Ben Curtis makes breakthrough at top level with victory in First Lady Stakes at Keeneland

Ben Curtis’s decision to relocate himself and his family to the US paid a big dividend on Saturday when he made the Grade 1 breakthrough aboard Simply In Front in the First Lady Stakes at Keeneland.
The jockey was a multiple Group winner in Britain but had never managed to gain success at the top level, but he achieved that in just his second year in the US when he carved through the field on the Eddie Kenneally-trained 131-10 chance to take the £367,040 pot.

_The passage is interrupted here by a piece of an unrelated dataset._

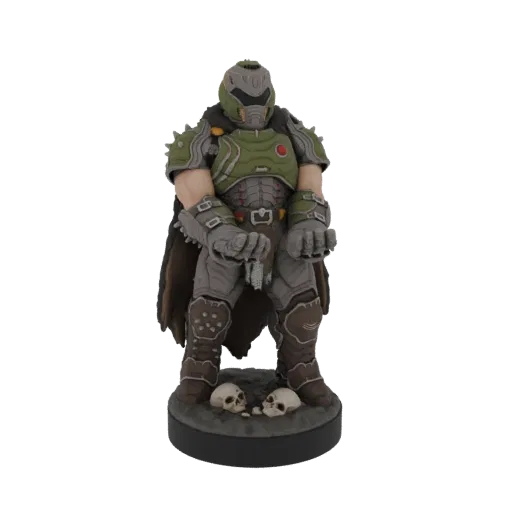3D model of the Doom Slayer in his iconic armor, standing on a base with skulls at his feet.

It was a fitting victory given the early support that Kenneally had given him. Curtis told Bloodhorse: "It's great to come over here and get a big win like this for Eddie because he put me on a lot of winners and really got me established.

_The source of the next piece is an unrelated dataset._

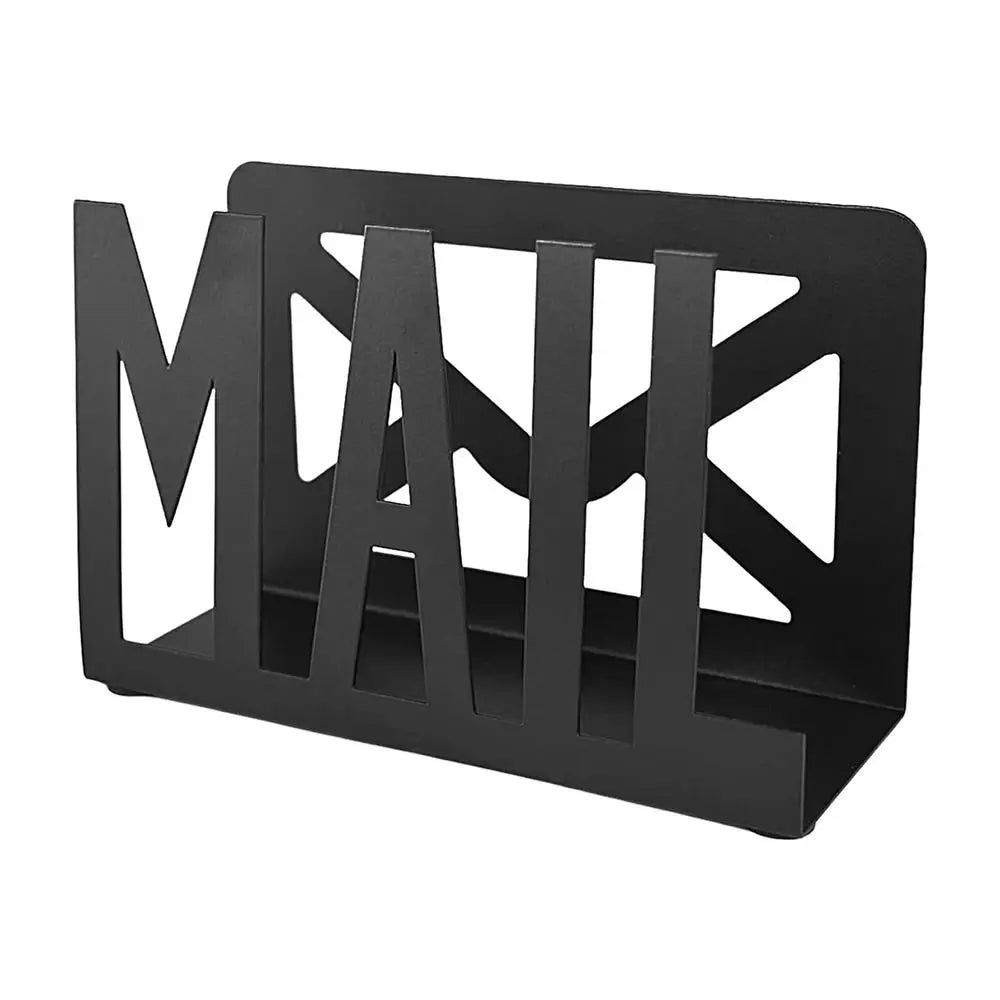 Mail Holder for Desk Countertop Mail Holder Envelope Organizer Cutout Mail Design Envelope Holder Letter Organizer Metal Letter Peaceful Pleasures Health and Wellness United States Black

"I came over for Eddie many moons ago. In the winter, there was no racing in Ireland, so I came over and worked for him."

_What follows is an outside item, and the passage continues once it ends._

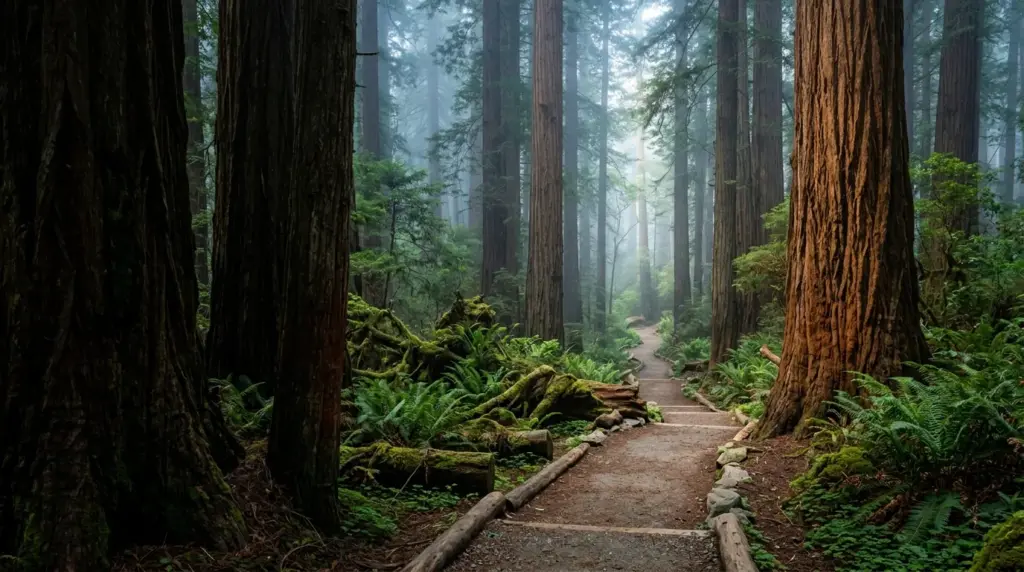 Old-growth redwood forest trail near Crescent City in Del Norte County, California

Curtis found daylight when he needed it to come from the rear and get home in front by a neck from the Juddmonte-owned Segesta in second. It was just his second ride on the four-year-old filly, having finished runner-up in a Grade 2 at Kentucky Downs in late August.
“The key was to get her to relax," Curtis said. "We've seen that finish she's produced a few times, at Ellis and Churchill. She really closes up the stretch. So I gave her every chance and when a seam came, I put her in there and she did the rest. I just enjoyed the ride. She's a filly who enjoys her job."
A former champion apprentice rider in Ireland and Royal Ascot winner, Curtis has gradually built a reputation with US trainers and is a regular rider in the top races. Just two months ago, he won the Grade 2 Secretariat Stakes aboard Giocoso for trainer Keith Desormeaux.
Kenneally said Simply In Front will have one more run this season. He said: "She'll run at Del Mar on Breeders' Cup weekend, possibly the Goldikova. But we'll talk to John [Brnjas of Colebrook Farms] and his family and they may look at the boys' race, the Breeders' Cup Mile. Fillies have won that before, and it's a flat mile."